Ciò in quanto l'eccezione relativa alla convivenza triennale come coniugi, ostativa alla positiva delibazione della sentenza ecclesiastica di nullità del matrimonio, rientra nelle eccezioni che la legge riserva alla disponibilità della parte interessata.
Lo ha chiarito la Corte di Cassazione, prima sezione civile, nella sentenza n. 24729/2018 rigettando il ricorso del Procuratore Generale presso la Corte di Cassazione stessa contro il provvedimento che aveva dichiarato efficace nella Repubblica Italiana la sentenza di nullità del matrimonio concordatario emessa dal Tribunale Ecclesiastico competente.
In particolare, la nullità del matrimonio, celebrato nel 1983, era stata dichiarata molti anni dopo (nel 2015) per grave difetto di discrezione di giudizio circa i diritti e doveri matrimoniali e per incapacità ad assumere gli obblighi essenziali del matrimonio, per cause di natura psichica, da parte del marito, che aveva promosso il giudizio di nullità.
Per la Corte d'Appello non sussistevano ostacoli alla dichiarazione di efficacia derivante da principi di ordine pubblico, in particolare quello della tutela dell'affidamento incolpevole dell'altro coniuge, non invocato dalla parte interessata.

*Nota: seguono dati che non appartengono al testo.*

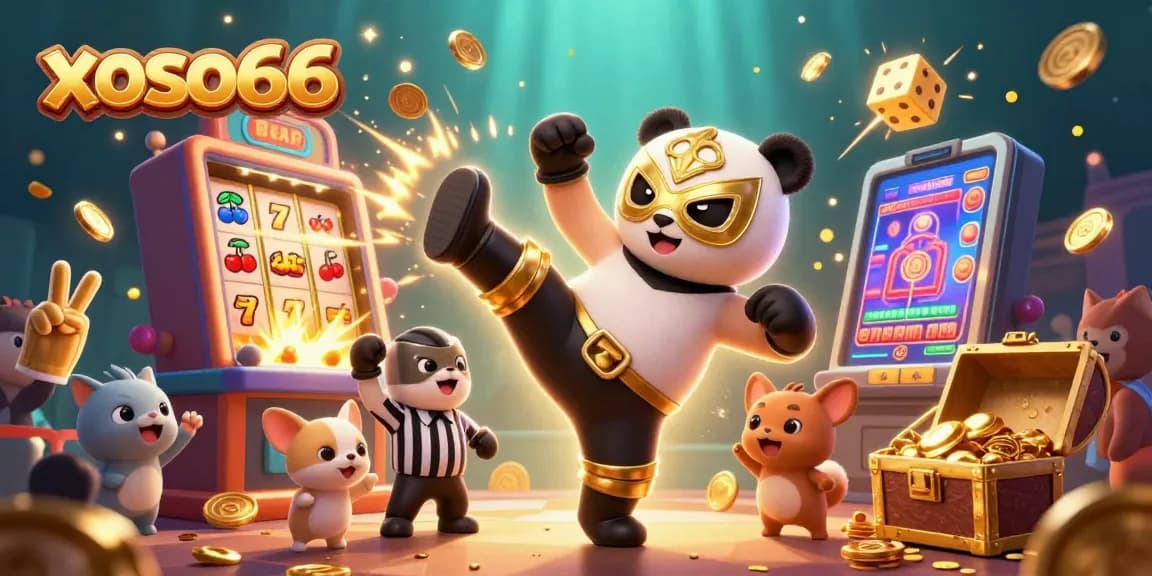 Experience the excitement at xoso66 with a cartoon panda flying through a vibrant casino atmosphere.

ll Procuratore Generale aveva richiamato i precedenti delle Sezioni Unite (sent. nn. 16379 e 16380 del 2014) secondo cui alla favorevole delibazione della sentenza ecclesiastica di nullità del matrimonio osta, quale limite di ordine pubblico interno, la convivenza delle parti come coniugi protrattasi per almeno un triennio. Invece, nel caso di specie, i due coniugi avevano convissuto per circa 27 anni e avevano avuto due figli.
In conclusione, il matrimonio delle parti può dirsi definitivamente nullo anche per la Repubblica Italiana.